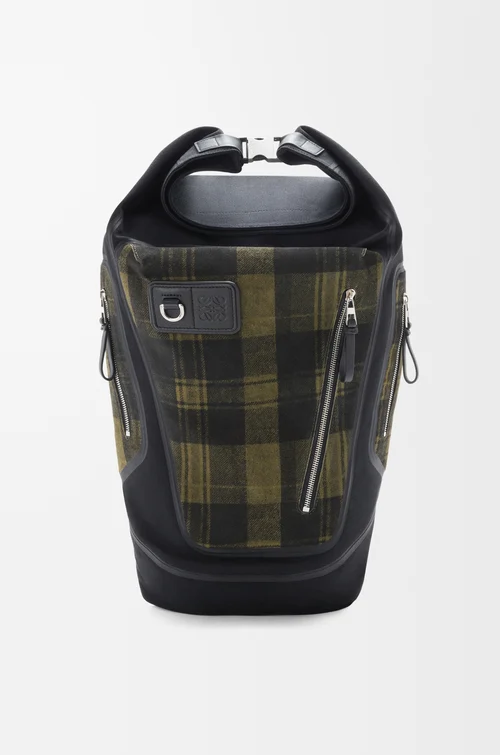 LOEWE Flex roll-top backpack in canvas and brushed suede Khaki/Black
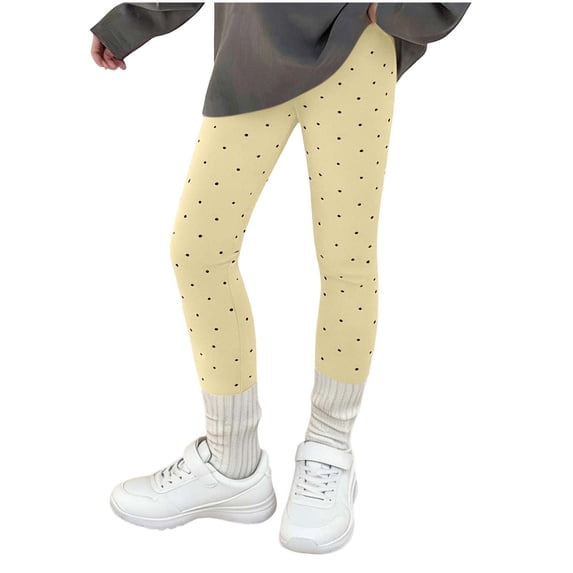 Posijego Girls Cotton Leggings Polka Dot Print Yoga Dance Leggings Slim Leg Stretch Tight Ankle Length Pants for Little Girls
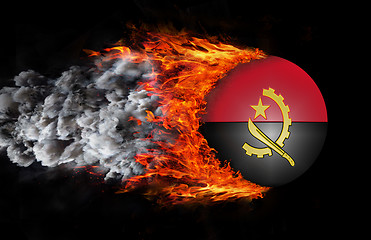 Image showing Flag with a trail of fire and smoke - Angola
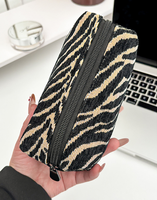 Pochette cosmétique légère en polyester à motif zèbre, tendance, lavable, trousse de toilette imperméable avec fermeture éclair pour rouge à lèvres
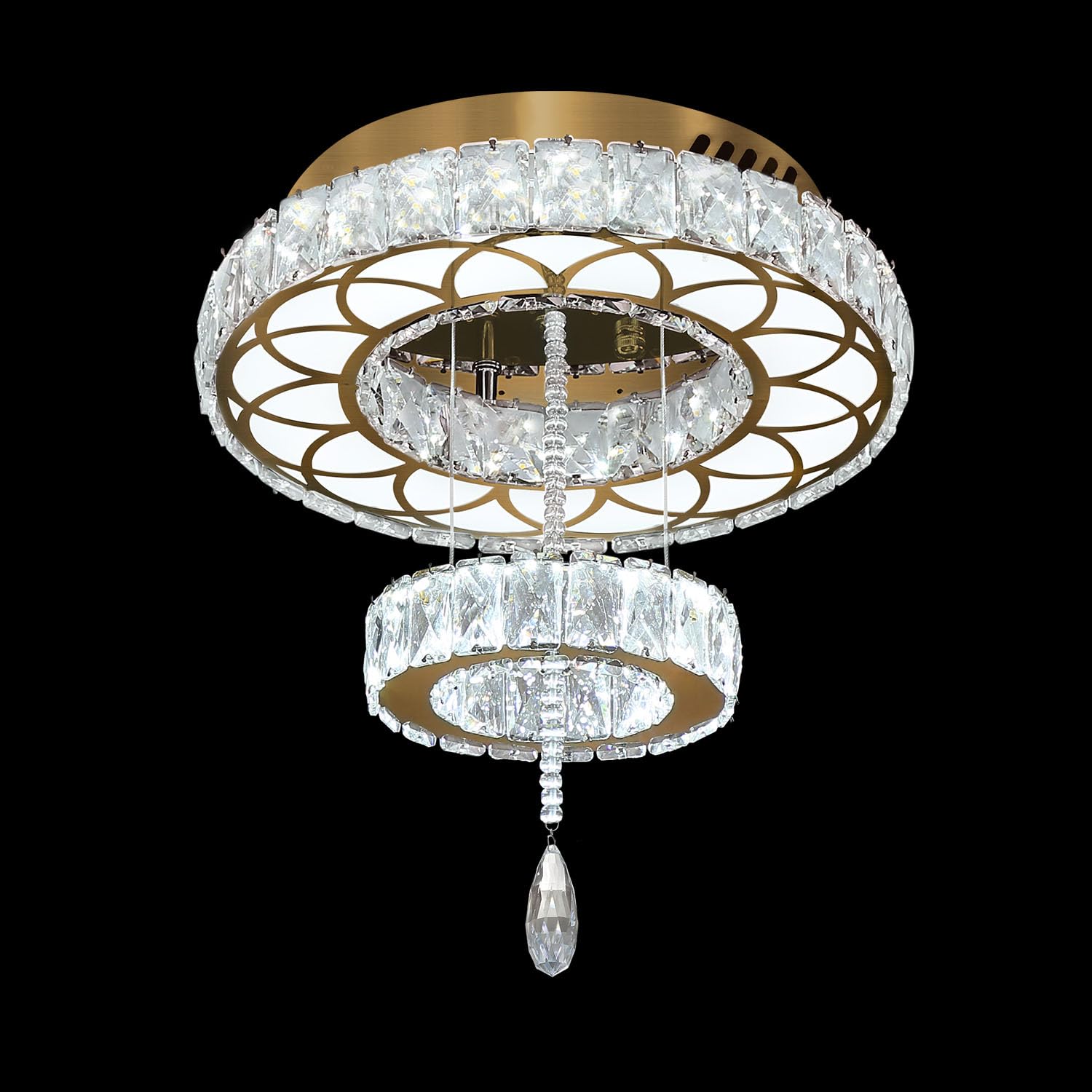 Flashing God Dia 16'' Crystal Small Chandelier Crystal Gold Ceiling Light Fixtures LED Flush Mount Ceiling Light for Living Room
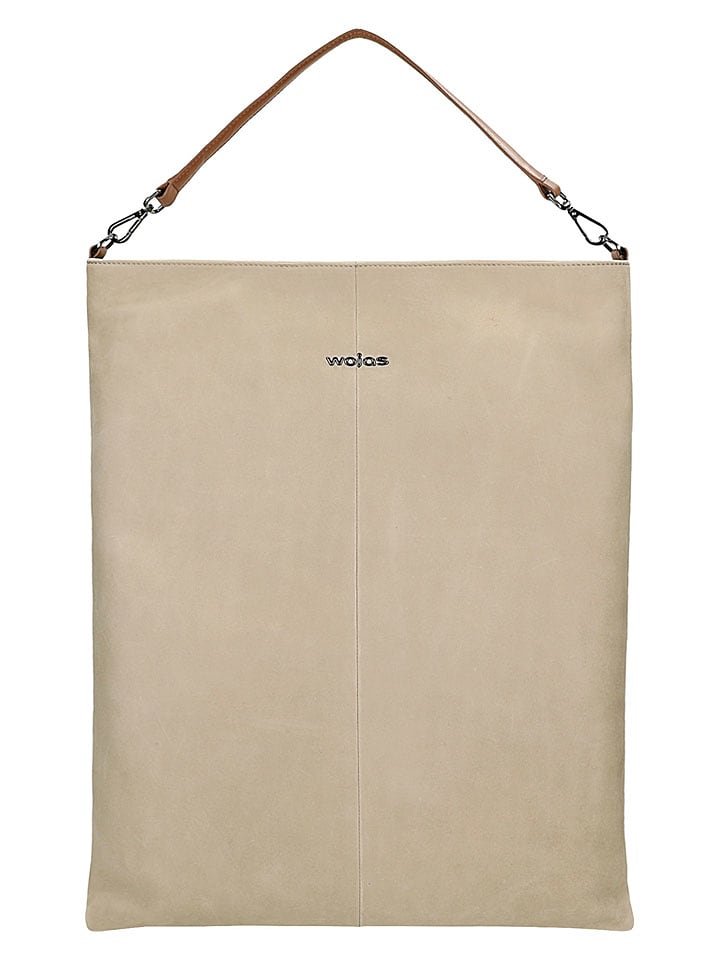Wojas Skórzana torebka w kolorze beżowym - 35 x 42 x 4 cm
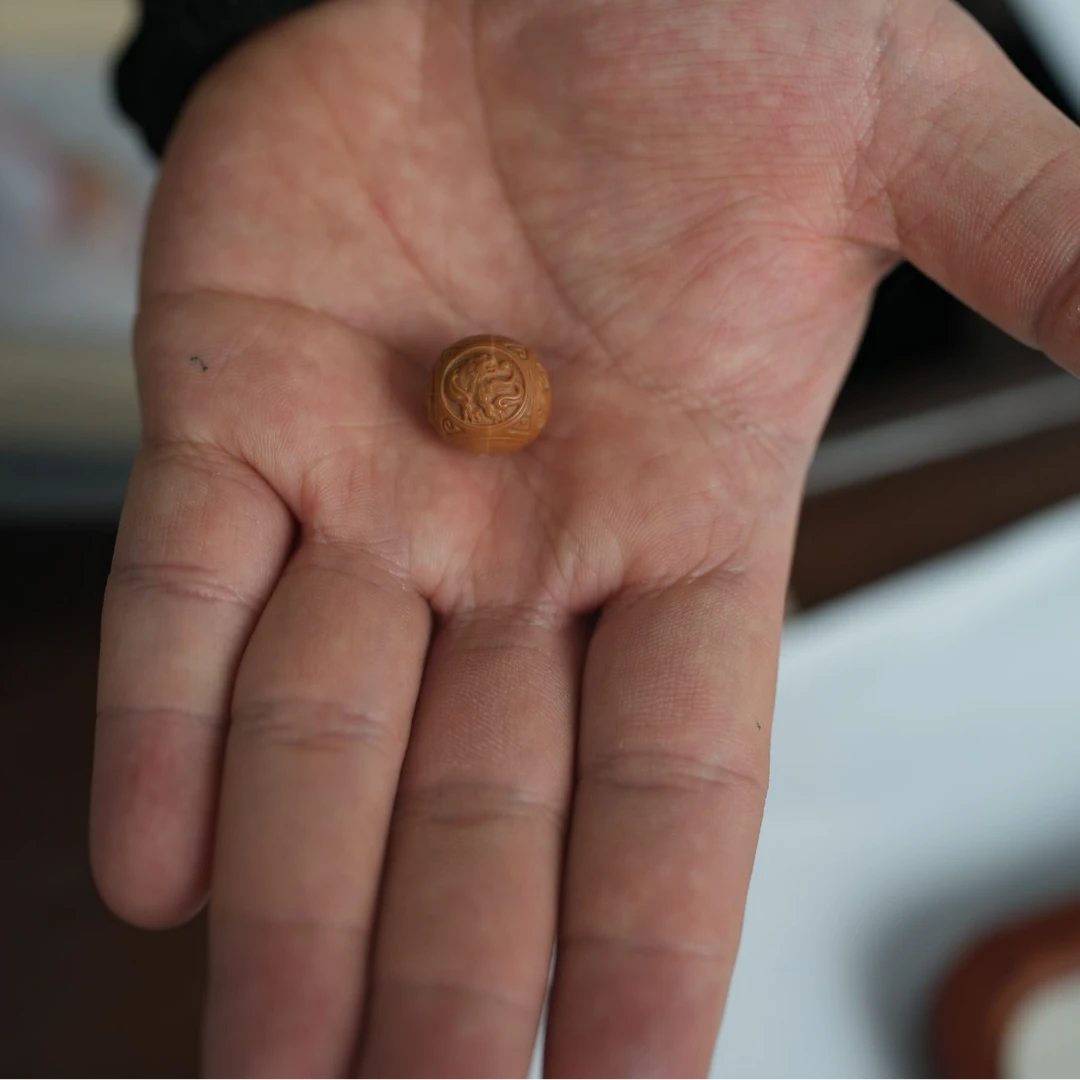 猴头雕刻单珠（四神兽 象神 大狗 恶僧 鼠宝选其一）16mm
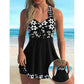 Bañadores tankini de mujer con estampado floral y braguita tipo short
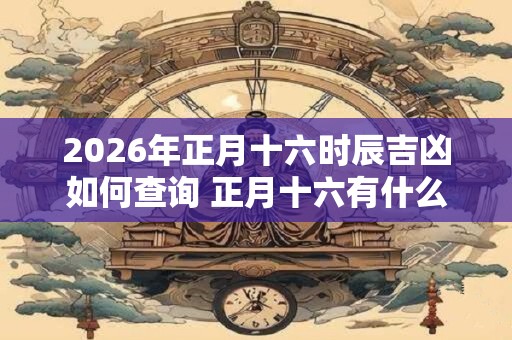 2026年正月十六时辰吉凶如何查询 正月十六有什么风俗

> Directions for this task: When restating the records word for word, omit any picture they contain.

> Result below:
 LOEWE Flex roll-top backpack in canvas and brushed suede Khaki/Black
 Posijego Girls Cotton Leggings Polka Dot Print Yoga Dance Leggings Slim Leg Stretch Tight Ankle Length Pants for Little Girls
 Image showing Flag with a trail of fire and smoke - Angola
 Pochette cosmétique légère en polyester à motif zèbre, tendance, lavable, trousse de toilette imperméable avec fermeture éclair pour rouge à lèvres
 Flashing God Dia 16'' Crystal Small Chandelier Crystal Gold Ceiling Light Fixtures LED Flush Mount Ceiling Light for Living Room
Wojas Skórzana torebka w kolorze beżowym - 35 x 42 x 4 cm
 猴头雕刻单珠（四神兽 象神 大狗 恶僧 鼠宝选其一）16mm
 Bañadores tankini de mujer con estampado floral y braguita tipo short
 2026年正月十六时辰吉凶如何查询 正月十六有什么风俗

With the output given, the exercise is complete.